So you have a killer idea and want to take your shot at becoming an entrepreneur? Granted, your success or failure will largely depend on the quality of your business plan and your ability to execute it, but several seemingly small decisions made when your vision is but a dream can come back to haunt you should your venture prove to be a success.
When you first start up your company, you will have to choose the type of corporate structure it will be governed by. At this stage, many aspiring entrepreneurs are on a shoestring budget and can not avail themselves to the advice of a quality tax attorney. If you’re attempting to decide upon a corporate structure without the benefit of advice from a professional, there are several salient factors which should guide your decision. The three main options for your new company is to make it a “C” corporation, an “S” corp, or a “limited liability company” (LLC).
A “C corp” is a corporate entity which pays its own taxes. Unlike an S corp or LLC, profits from a C corp do not flow through to the owner(s). The vast majority of public companies are C corp’s as are most large corporations. From an entrepreneur’s viewpoint, there are several benefits of a C corp — but one large drawback. The first benefit is that a C corp can deduct fully the cost of the company owner’s health insurance, whereas an S corp or LLC forces the owner to report paid health insurance as a benefit thus paying taxes on it.
The second benefit of a C corp is that your effective tax rate could be much lower than with an S corp or LLC if you plan to leave $50,000 – $100,000 a year in earnings within the company to help it grow. Currently, C corp’s only pay 15% tax on the first $50,000 in earnings. S corp’s and LLC’s entail tax at the earned income rate which varies depending upon your tax bracket — but you can plan on it being at least 25% if your company thrives.
The final benefit of a C corp is in the scenario where you might lose a lot of money during the initial year(s) before your company becomes profitable. A C corp structure allows you to carry forward the loss indefinitely, so you will eventually be able to claim it against profits when they finally occur. An S corp or LLC has the loss pass through to you, and if you do not have personal income that year to deduct it against, then it is lost forever — which could cost you tens of thousands of dollars in additional future taxes.

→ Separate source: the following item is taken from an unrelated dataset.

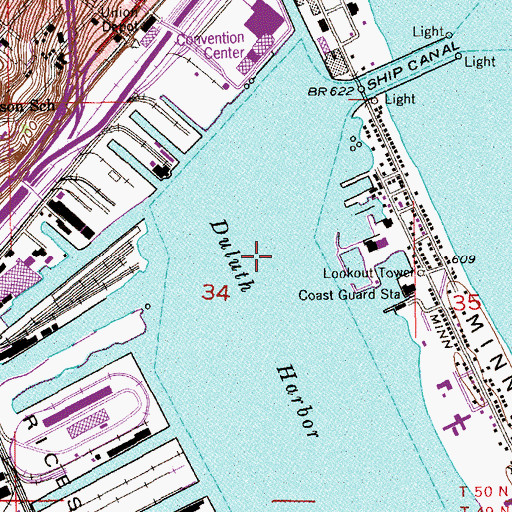 Topographic Map of Duluth Harbor Basin Northern Section, MN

As to the drawback of a C corp, this relates to a scenario where your company is a huge success. As indicated, C corp’s pay their own taxes on an ascending scale based upon profits. If the company is making into the six figures, then its tax rate will be right at 35%. Then, if you desire to send the money to yourself it must come in the form of dividends. You again pay tax on these dividends at a current rate of 15% — and insiders predict these will soon go up to 20%. Therefore, a C corp entails double taxation — 35% off the top, and then 15%-20% again of what is paid out to you.
As indicated, profits earned by a company organized as an S corp or LLC “pass through” to the owner. This means that the company itself pays no taxes, but you are personally assessed tax liability — at your usual rate — for the earnings of the company. Consequently, with an S corp or LLC the money made by the company is treated no differently than money you make as an employee or entrepreneur.

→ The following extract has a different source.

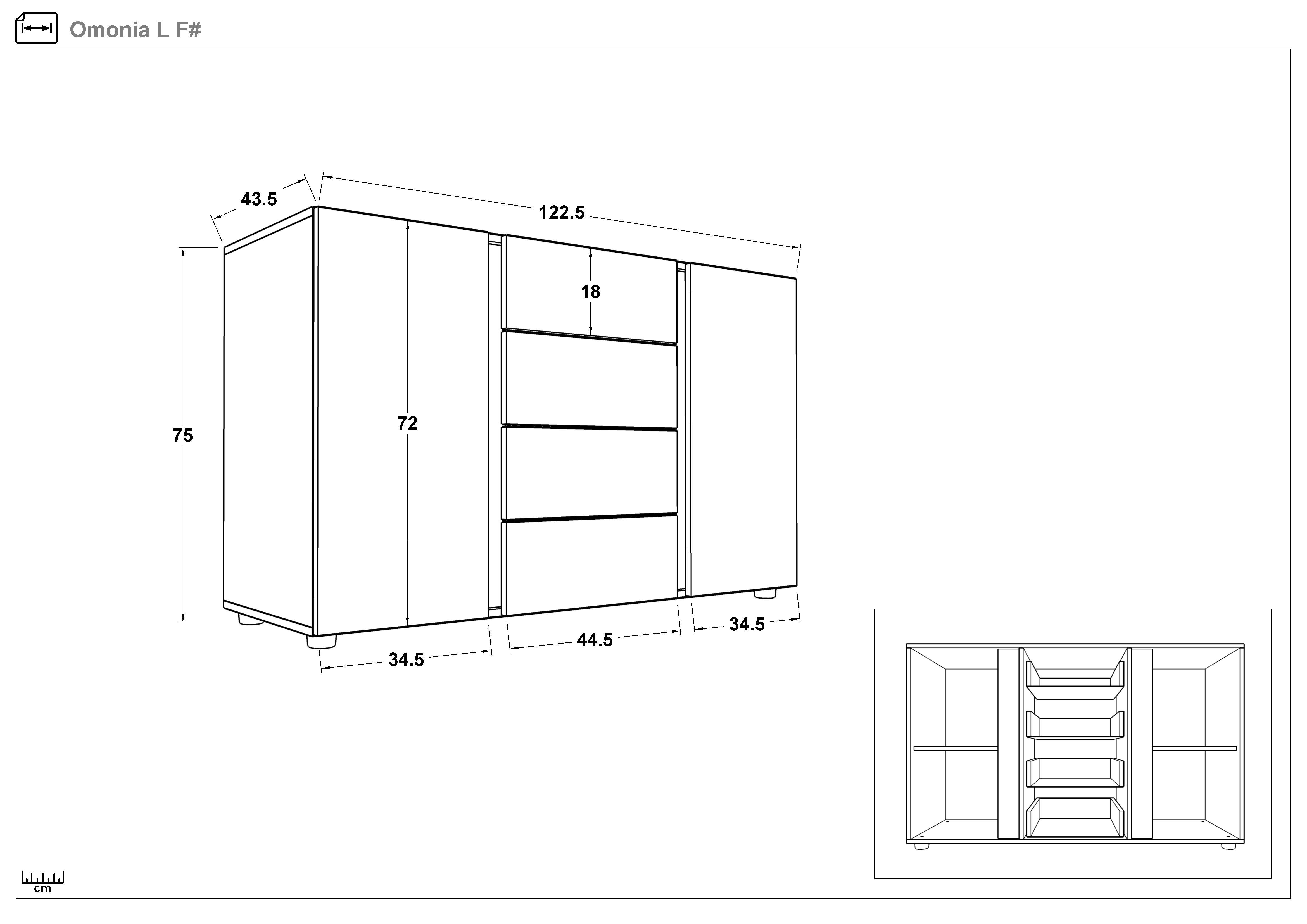 Dresser Omonia L, light Scandinavian oak + anthracite matt  2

In terms of taxes, S corps are identical to LLC’s. The difference relates to who is allowed to own them. S corp owners are limited to U.S. citizens, and only actual people — not other companies — can be owners. A LLC allows foreign owners along with corporate owners.
Whichever structure you select, make sure you hire a qualified accountant to actually do your first year’s taxes when they are due. Mistakes in this arena can prove deadly. Furthermore, a good accountant or tax attorney could potentially fix any problems you made forming the company — and the damage can be greatly limited if it is before you file your first corporate tax return. If you must skip the expense and form the company yourself online at the very start, then plan to incur this expense at the end of your first year of operation.
If you’re an aspiring entrepreneur, the most important step is the first one. Don’t let the complexities of corporate structures be an obstacle — a little research and several online legal form sites can make it relatively painless. Hopefully the above advice helps at least one HardyMag reader live out his entrepreneurial dreams.